Most if not all of my mentions of others’ blogposts aren’t meant as a direct response but as building or continuing on a line of reasoning, riffing off other people’s ideas. This is the way distributed conversations take place, how ambient humanity is established. Distributed conversations are a fundamental part of blogging to me. It’s not back and forth replies, it’s a jam session. To enjoy the jam session, you need to see the whole band at a glance, not just a list of the line-up while listening to a sole musician. Discoverability and serendipity flow from it.
It used to be that trackbacks did precisely that, show the context in which someone else referred to my blogposts. It is enriching my own posts to show that context underneath them. See below how that looked a long time ago, in a post on information strategies from 2005.
Three trackbacks on an old post of mine, showing context of the linking blogpost
These three posts are not in response to me, but reflections triggered by my posts and extensions of my contribution
So I’d definitely want to show that context for webmentions. What strikes me as odd now is how little control I have over how the Webmention and Semantic Linkbacks plugins actually deal with webmention data. The stuff I’d like to show is stored in my database, but I can’t through the plugins determine how that is shown.

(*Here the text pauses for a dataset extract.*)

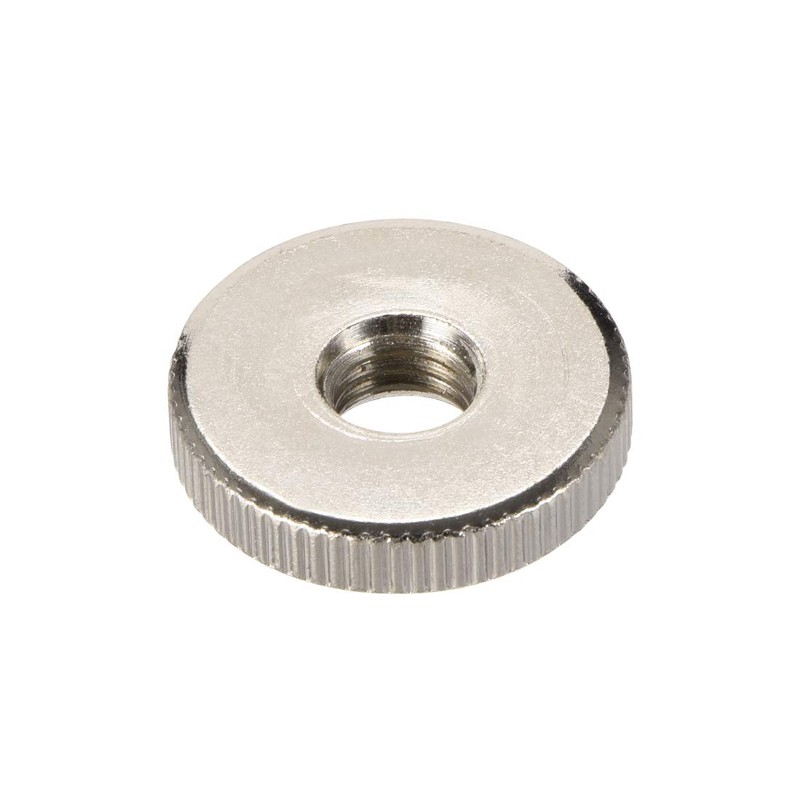 sourcing map Round Knurled Thumb Nuts Conector Lock Adjusting nuts,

The same is true on the flipside: my site adds microformats so others can machine read my blog, but apparently it doesn’t do it right. Yet I have no control from the mentioned plugins interfaces over how that is done, nor do I have documentation / insight into how the plugins are designed to comply with microformat specifications. So the next step is: read up on microformat specifications, and dive into the code of the plugins to see where it does what, and whether I can change that in ways that won’t be simply overwritten with the first update of WordPress or the plugins. [UPDATE: I installed a different WordPress Theme, called Sempress, as it should be better at adding the correct microformats for this site]
Yes, totally trusting the claimed url is a potential issue, and e.g. my own webmention handling code only allows it for a whitelist of trusted services like brid.gyi, where I know they intentionally pretend to be a different domain. I’m not involved with the WordPress plugins and their development, so I don’t know what rules those follow here.

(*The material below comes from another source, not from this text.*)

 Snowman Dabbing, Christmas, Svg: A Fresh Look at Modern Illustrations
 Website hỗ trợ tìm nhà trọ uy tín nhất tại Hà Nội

Regarding the mentions vs replies, they have to be clearly distinguishable to avoid misunderstandings (see e.g. this example from the Indieweb wiki for how it can go badly), and since it isn’t clear how important a mention is, many prefer to have them displayed as compact as possible. That said, if you prefer it differently I’m sure the plugin devs will add an option for you or tell you what to modify if you ask them for help.

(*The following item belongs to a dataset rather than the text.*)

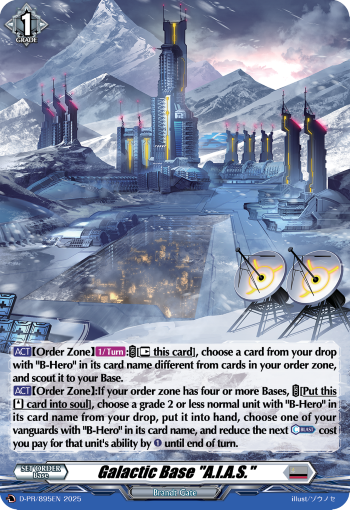 Galactic Base "A.I.A.S." (PR-FOIL)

From my understanding, neither the Webmention nor the Semantic Linkback plugins are responsible for setting up microformats markup for your page, they merely add some aspects of it that are part of their responsibilities. Ideally, this is handled by the theme, and there is the microformats plugin which attempts as good as it can to inject the correct markup, but is limited in what it can do. The Indieweb chatrooms (available via IRC, Slack or a web interface) are probabably the best way to get help with that. I’m happy to help figure out what’s wrong with markup, but don’t know enough about WordPress to directly help fixing it.
Hi Sven, thanks once more. You’re right I realise, the microformats in my site have been put there by a different plugin, the microformats 2 plugin by the Indieweb WP outreach effort. Its description specifically warns it’s a best guess effort. So I’ll sift through the code of that.